World's biggest car maker says sales and cost cutting beat its forecasts

Toyota Motor Corp.'s surprise quarterly profit and halving of its annual loss forecast failed to convince investors the world's No.1 carmaker is back on track, as government subsidies peter out and a strong yen takes its toll.
Major Japanese automakers have raised their forecasts for the year to March 2010 as they squeeze out savings and government incentives from Germany to China, the U.S. and Japan prop demand through the worst economic crisis in generations.
But with such stimulus programs beginning to run out, Toyota is looking to eliminate more spending, announcing its exit from Formula One racing on Wednesday to put that annual budget of around $300-million to better use.
“The biggest challenge for Toyota now is cutting overheads," said Koji Endo, a senior analyst at Advanced Research Japan in Tokyo.
“The company has not been able to respond to a sudden plunge in revenue with speedy cost reductions."
Toyota, until two years ago the world's most profitable automaker, is expecting the biggest loss among its domestic peers this year, weighed down by severe overcapacity after adding new factories during its boom years before the financial crisis hit.
While Toyota said it expects an additional 350-billion yen ($3.9-billion) in emergency cost savings than what it had planned three months ago, investors were unimpressed by its revised outlook, especially after the consensus-beating forecasts from rivals Honda Motor Co and Nissan Motor Co.
Toyota expects an operating loss of 350-billion yen for the year to March, smaller than the 750-billion yen previously forecast but bigger than the 293-billion yen consensus from Thomson Reuters I/B/E/S.

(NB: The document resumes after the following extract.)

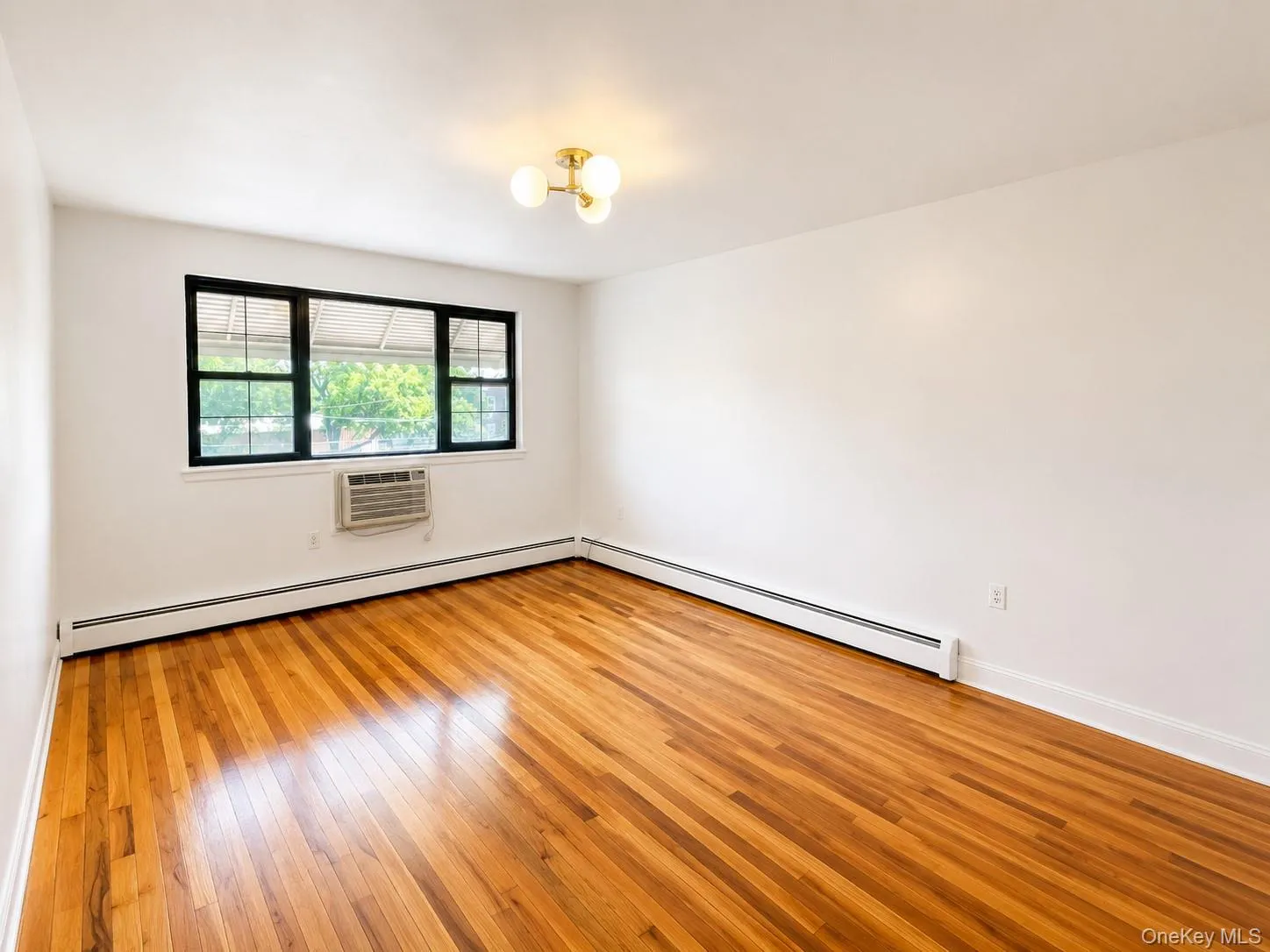 Spacious room featuring wood-finish flooring, white walls, and baseboard heating Spacious room featuring wood-finish flooring, white walls, and baseboard heating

“It seems too large," Koichi Ogawa, chief portfolio manager at Daiwa SB Investments. “Toyota looks a little less attractive than other companies such as Honda and Nissan," he said, adding the market may find the news disappointing.
Toyota shares ended down 0.8 per cent before the results, having risen 23 per cent this year. Nissan has more than doubled, while Honda is up by almost half over the same period.
Toyota narrowed its annual net loss forecast to 200-billion yen from 450-billion yen, as it lifted its group-based global vehicle sales forecast by 6.5 per cent to 7.03 million units.
For the July-September quarter, the maker of the Prius hybrid car reported an operating profit of 58.0-billion yen, down 66 per cent from a year earlier but beating an average estimate of a loss of 63 billion yen from five analysts.
Toyota said the overshoot mainly came from improved used cars prices in the United States. Without such finance-related gains, it would have stayed in the red, an executive said.
Second-quarter net profit fell 84 per cent to 21.84-billion yen, while revenue dropped 24 per cent to 4.54-trillion yen.
Struggling U.S. rival Ford Motor Co also reported a quarterly profit this week, defying Wall Street estimates as it seized market share from General Motors Co and Chrysler.
But the yen's strength remains Toyota's Achilles heel as it exports more than half of its vehicles built in Japan.
“There's not much we can do to battle the stronger yen apart from continuing with our cost reductions," Executive Vice President Yukitoshi Funo told reporters.